Jul 9, 2013
It’s back… and it’s called Quell Memento. It’s a pretty fun puzzler that retains the flair of its predecessors… and then some.
The background imagery is fairly stark, as the game relies on greyish hues to highlight the gameplay. The puzzles themselves mostly keep to that design motif, with mostly grey squares interspersed with other pieces in somewhat softer colors. The transitions into the boards was quite smooth, and I do think that the presentation was well done, and reflective of minimally beautiful design.
This allows all eyes to be on the play area. To begin, the puzzles are created with blocks in an otherwise empty regularly irregularly shaped grid. In every grid, there is a at least one type of completion button. Using bubbles as rolling, perishable controls, one needs to navigate through to get to the button(s) to complete the puzzle. The bubbles can only move one way in space, unless checked by another object in the grid; diagonal movements can not be effected.
All these different restrictions create some intriguing situations in which strategy becomes a major requirement to resolve.
Soon, the puzzles add extra elements that can help or hinder: spikes, breakable blocks, gates and even ice cubes.
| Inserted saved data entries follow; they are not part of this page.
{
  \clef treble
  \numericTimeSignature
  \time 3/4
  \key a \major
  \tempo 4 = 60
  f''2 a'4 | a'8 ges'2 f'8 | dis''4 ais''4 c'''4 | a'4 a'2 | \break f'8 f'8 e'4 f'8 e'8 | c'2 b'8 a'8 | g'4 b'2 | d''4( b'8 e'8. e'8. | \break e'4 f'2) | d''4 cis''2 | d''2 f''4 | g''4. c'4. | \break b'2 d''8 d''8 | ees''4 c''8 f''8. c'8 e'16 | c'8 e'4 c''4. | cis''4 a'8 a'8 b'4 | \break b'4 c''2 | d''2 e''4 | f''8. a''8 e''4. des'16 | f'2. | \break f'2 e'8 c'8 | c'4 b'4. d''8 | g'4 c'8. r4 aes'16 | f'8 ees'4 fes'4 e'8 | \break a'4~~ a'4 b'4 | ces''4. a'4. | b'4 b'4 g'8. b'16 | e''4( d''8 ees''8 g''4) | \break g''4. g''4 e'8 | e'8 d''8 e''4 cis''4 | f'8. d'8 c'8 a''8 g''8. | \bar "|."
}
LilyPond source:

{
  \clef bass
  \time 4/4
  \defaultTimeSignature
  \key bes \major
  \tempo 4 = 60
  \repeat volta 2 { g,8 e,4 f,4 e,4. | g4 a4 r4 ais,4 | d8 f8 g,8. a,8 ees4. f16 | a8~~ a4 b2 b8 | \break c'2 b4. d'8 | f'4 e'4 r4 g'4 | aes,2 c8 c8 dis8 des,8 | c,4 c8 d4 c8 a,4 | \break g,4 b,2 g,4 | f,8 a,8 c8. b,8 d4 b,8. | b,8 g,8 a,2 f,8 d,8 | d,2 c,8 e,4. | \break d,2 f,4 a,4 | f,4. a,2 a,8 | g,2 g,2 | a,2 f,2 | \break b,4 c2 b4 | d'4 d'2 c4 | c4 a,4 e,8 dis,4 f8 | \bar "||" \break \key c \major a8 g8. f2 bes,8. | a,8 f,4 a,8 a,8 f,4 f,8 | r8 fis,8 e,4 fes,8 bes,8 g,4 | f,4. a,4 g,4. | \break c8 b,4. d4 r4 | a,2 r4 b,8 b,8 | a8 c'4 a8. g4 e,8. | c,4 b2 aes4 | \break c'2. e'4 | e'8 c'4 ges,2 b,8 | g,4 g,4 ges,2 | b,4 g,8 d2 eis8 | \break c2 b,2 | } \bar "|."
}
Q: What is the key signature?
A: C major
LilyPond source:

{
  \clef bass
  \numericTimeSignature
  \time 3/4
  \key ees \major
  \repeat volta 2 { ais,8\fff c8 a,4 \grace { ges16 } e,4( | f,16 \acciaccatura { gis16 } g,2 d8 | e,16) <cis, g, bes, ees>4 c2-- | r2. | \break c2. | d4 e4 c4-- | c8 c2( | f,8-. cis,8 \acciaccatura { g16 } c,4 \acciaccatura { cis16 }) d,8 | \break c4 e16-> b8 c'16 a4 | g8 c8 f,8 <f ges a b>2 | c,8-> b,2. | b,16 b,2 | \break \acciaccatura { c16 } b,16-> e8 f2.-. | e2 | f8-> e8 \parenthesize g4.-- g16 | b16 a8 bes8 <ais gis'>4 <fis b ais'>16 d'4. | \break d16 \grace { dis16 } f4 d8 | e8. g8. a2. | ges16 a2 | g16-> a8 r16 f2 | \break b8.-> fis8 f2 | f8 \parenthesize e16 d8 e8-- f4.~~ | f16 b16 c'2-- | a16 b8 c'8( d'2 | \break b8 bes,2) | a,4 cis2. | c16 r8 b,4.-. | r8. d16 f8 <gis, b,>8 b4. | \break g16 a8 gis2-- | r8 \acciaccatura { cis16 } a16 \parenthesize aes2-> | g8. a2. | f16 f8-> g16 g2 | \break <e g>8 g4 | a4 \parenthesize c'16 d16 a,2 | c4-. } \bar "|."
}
There was even a wraparound feature, which mimics the Pac-man way of going out a valve on one side and popping out on the other, and tunnels, that allow the bubble(s) to teleport, in a manner of speaking. In some levels, there are multiple bubbles and completion points; sometimes, it was necessary to use one bubble as a sacrificial facilitator that helps another one complete the level.
Each level had a prescribed number of moves to complete; doing it in that number earned a “perfect” moniker and a special coin. Success opens up advanced chapters, but coins earned can be used to buy solutions or open up levels. Levels can be repeated, and there are hints.
Much as I loved this game, I thought the navigation could have been more precise; there were times I got a bit lost after leaving the game for whatever reason. Still, it doesn’t really inhibit the enjoyment of this masterpiece.